How To Enable Public Folders In Exchange 2013 Or Exchange 2016

Exchange 2013 introduced Modern Public Folders. Public Folder Hierarchy and Content are stored and distributed amongst one or more Public Folder Mailboxes. These mailboxes replace the need for a dedicated Public Folder database, so end users will not need to be concerned about how many Public Folder Mailboxes you have configured or which Public Folder Mailbox holds their content. Public Folders are still displayed in the same way as they were with Legacy Public Folders when viewed from Outlook. Modern Public Folders also have the benefit of being in a Database Availability Group (DAG), which can now be replicated for backup purposes just like User Mailboxes.

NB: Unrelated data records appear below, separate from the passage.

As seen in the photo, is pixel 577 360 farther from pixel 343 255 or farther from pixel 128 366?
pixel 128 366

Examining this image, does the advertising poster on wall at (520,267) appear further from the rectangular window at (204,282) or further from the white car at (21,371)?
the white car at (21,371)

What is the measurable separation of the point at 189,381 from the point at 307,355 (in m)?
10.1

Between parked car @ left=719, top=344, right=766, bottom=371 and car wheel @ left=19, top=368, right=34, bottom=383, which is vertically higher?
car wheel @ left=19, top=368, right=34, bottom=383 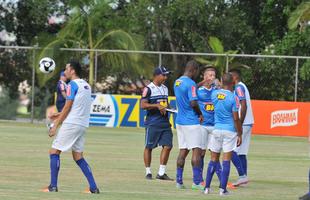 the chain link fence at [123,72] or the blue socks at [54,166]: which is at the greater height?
the chain link fence at [123,72]

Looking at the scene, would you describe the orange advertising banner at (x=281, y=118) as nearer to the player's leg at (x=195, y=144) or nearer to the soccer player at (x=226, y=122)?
the player's leg at (x=195, y=144)

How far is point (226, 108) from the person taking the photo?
14.6 metres

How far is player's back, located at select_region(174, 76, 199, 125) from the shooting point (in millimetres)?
15734

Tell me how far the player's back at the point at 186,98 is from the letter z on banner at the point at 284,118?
18.2m

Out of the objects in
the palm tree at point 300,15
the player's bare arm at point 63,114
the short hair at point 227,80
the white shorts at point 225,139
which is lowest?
the white shorts at point 225,139

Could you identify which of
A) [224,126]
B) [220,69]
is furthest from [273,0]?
[224,126]

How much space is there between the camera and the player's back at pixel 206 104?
1602 centimetres

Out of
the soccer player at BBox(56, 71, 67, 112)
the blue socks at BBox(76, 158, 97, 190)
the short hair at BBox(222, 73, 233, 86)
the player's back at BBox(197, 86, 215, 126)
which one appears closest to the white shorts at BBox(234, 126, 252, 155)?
the player's back at BBox(197, 86, 215, 126)

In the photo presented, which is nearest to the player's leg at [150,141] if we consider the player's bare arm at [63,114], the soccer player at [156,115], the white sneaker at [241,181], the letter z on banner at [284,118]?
the soccer player at [156,115]

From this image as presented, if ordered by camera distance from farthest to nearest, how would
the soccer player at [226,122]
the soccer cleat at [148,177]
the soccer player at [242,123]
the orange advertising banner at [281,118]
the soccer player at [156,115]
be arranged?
the orange advertising banner at [281,118], the soccer player at [156,115], the soccer cleat at [148,177], the soccer player at [242,123], the soccer player at [226,122]

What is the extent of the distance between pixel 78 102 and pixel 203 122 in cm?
285

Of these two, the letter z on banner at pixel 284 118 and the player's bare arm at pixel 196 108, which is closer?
the player's bare arm at pixel 196 108

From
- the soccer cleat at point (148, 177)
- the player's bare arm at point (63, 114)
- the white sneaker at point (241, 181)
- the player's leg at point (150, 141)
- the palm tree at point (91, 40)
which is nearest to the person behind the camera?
the player's bare arm at point (63, 114)

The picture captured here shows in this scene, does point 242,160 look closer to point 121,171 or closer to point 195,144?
point 195,144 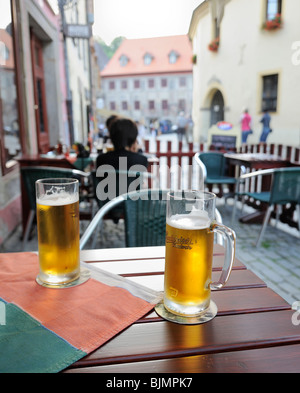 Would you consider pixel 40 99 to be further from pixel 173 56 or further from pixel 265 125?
pixel 173 56

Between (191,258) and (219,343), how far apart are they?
6.0 inches

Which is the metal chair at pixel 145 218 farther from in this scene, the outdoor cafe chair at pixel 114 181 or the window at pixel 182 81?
the window at pixel 182 81

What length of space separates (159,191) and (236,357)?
1.01 m

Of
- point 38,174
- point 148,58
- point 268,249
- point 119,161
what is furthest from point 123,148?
point 148,58

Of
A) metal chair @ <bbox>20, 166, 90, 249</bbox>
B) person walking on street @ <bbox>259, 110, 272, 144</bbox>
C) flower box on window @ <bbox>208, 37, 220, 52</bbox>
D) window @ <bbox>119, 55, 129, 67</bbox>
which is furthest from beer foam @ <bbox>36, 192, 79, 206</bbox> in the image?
window @ <bbox>119, 55, 129, 67</bbox>

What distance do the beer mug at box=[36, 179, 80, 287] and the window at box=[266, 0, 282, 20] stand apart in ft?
33.5

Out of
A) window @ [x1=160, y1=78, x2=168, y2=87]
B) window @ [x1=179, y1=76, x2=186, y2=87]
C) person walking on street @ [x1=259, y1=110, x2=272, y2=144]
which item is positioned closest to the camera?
person walking on street @ [x1=259, y1=110, x2=272, y2=144]

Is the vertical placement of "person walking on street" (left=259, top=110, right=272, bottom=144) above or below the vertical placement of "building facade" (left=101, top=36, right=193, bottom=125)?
below

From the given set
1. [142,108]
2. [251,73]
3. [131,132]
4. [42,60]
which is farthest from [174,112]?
[131,132]

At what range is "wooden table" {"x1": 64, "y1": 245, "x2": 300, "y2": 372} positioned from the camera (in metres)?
0.48

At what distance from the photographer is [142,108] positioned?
112ft

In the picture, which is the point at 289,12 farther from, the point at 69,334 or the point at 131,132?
the point at 69,334

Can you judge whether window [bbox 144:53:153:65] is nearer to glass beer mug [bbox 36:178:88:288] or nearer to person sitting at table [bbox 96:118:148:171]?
person sitting at table [bbox 96:118:148:171]

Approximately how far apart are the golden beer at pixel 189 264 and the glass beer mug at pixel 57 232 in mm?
236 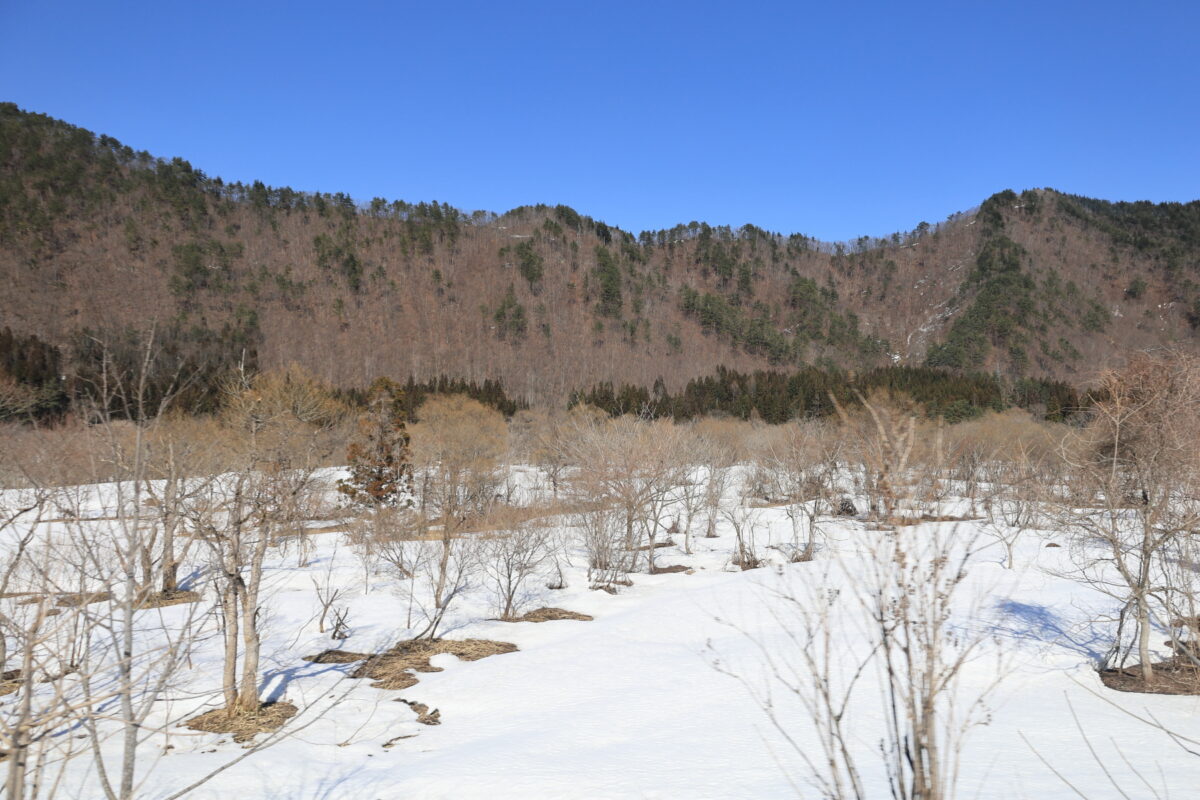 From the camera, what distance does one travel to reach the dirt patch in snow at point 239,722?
10.8 metres

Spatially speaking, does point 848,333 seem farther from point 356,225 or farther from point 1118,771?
point 1118,771

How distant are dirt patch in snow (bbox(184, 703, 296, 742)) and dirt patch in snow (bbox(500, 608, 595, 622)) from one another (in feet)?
A: 31.4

Do I Need A Public Folder Mailbox For Each Mail-Enabled Public Folder?

It’s a common point of confusion between a Public Folder Mailbox and a Mail-Enabled Public Folder. It may seem that they are the same, but they are not. Microsoft limits the number of Public Folder Mailboxes to 1,000 in Office 365 Exchange Online, and it’s not uncommon to find Public Folder implementations with many thousands of Mail-Enabled Public Folders, so, at first glance, it can seem that you can’t migrate Public Folders to Office 365. Public Folder Mailboxes are nothing more than using the context of a mailbox to store the Public Folder Hierarchy and content, so just think of your Public Folder Database now consisting of one or more of these Public Folder Mailboxes grouped together. The view of your Public Folder Hierarchy remains unchanged, and within that, you can create Mail-Enabled Public Folders. You can have any number of mail-enabled public folders within them, just like you can with Legacy Public Folders.

NOTE: Exchange 2016 has the exact same dialog prompts as Exchange 2013.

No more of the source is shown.